It oughtn’t be that tricky to get something to converge (useful results is different). Always (always) start small, with low learning rates, and embrace tweaking the LR (to try and find a sweetish spot between not-converging and converging-but-too-slowly) as part of the model design. Be wary of making the network bigger, unless you’re sure you have enough training data to absorb the extra complexity (and can live with the extra computation).
I think UMAP’s had it since Alpha 07.
No, it shouldn’t screw up convergence in and of itself: if the whole range of your feature is huge, then that might give odd results, but in general points outside -1:1 are fine (consider that the network is learning weights to apply to the inputs anyway, so these weights can just get smaller, within reason).

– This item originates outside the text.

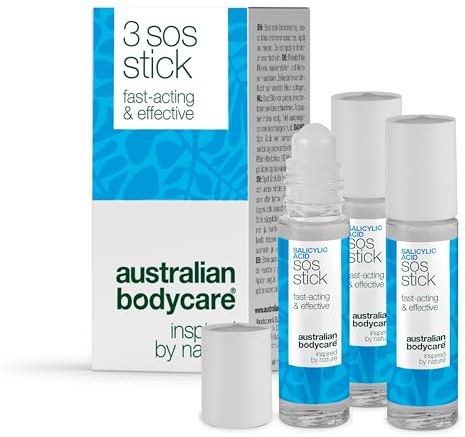 Stick SOS con ácido salicílico para granos, puntos negros, puntos blancos, imperfecciones, rojeces y poros obstruidos – tratamiento rápido para una piel limpia con salicylic acid - 3x9 ml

It doesn’t screw up the KD tree either. The tree doesn’t really care about the range of data in absolute terms, but the euclidean distance it uses implicitly assumes that features are comparably scaled (euclidean distance = sqrt of sum of squared distances of each feature for the two points being compared).
I think some of this will partly be down to it being a new way of working (and there still being unsanded UX edges to the toolkit, natch): to a very large extent ‘programming’ with ML stuff is about data monkeying as much / more than it’s about models. I’ve certainly seen the argument put forward that it constitutes a completely different programming paradigm.